En cela, le tennis est un sport singulier. Seuls peut-être les arts martiaux contraignent leurs pratiquants à pareille contorsion mentale à la fin d'un combat, eux qui passent tout de suite de la joie de la victoire à l'empathie pour l'adversaire (un signe de respect) au moment de saluer celui-ci.
Ils sont éthico-spirituels dans le cas des arts martiaux, tandis que ceux du tennis sont toujours très imprégnés de la bienséance de l'aristocratie anglaise du 19e siècle, où ce sport est né.
Mais le public, conservateur, ne tolère pas que ces véritables gladiateurs fassent ressortir leur côté bête féroce à chaque point, frappe ou geste, même s'ils ne veulent faire qu'une bouchée de celui qui est de l'autre côté du filet.
Alors il leur faut, parfois, rester des gentlemen et ladies. En apparence, du moins. Comme Shelton qui s'excuse de marquer un point, alors qu'à l'intérieur, il doit bouillir de satisfaction.

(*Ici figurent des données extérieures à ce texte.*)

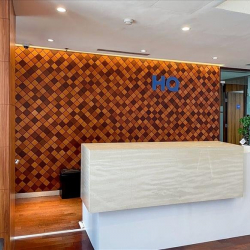 Image of Jakarta office space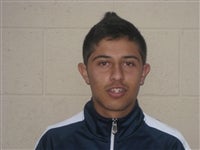 David Barragan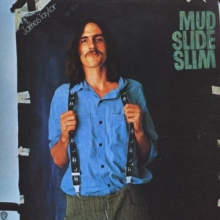 Cover art for Mud Slide Slim And The Blue Horizon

Et ce sans pour autant que son empathie pour l'adversaire soit feinte (à force d'intérioriser les normes, on s'en convainc).
Les exemples du genre sont nombreux: demander pardon quand on marque un point après que la balle ait touché la bande du filet; ne pas célébrer sur une double faute de l'adversaire ou encore s'excuser avec douceur auprès du spectateur qu'on vient d'assommer avec un smash rageur (et souvent ponctué d'un gros «Come on!!!»).
Difficile de ne pas se noyer dans ce bouillon d'émotions contraires... Oui, cette petite voix intérieure qui intime sans cesse de se contrôler alors que les nerfs sont à vif rend gaga. Mais on entend souvent qu'il faut être un peu fou pour réussir en tennis, alors c'est sans doute vrai.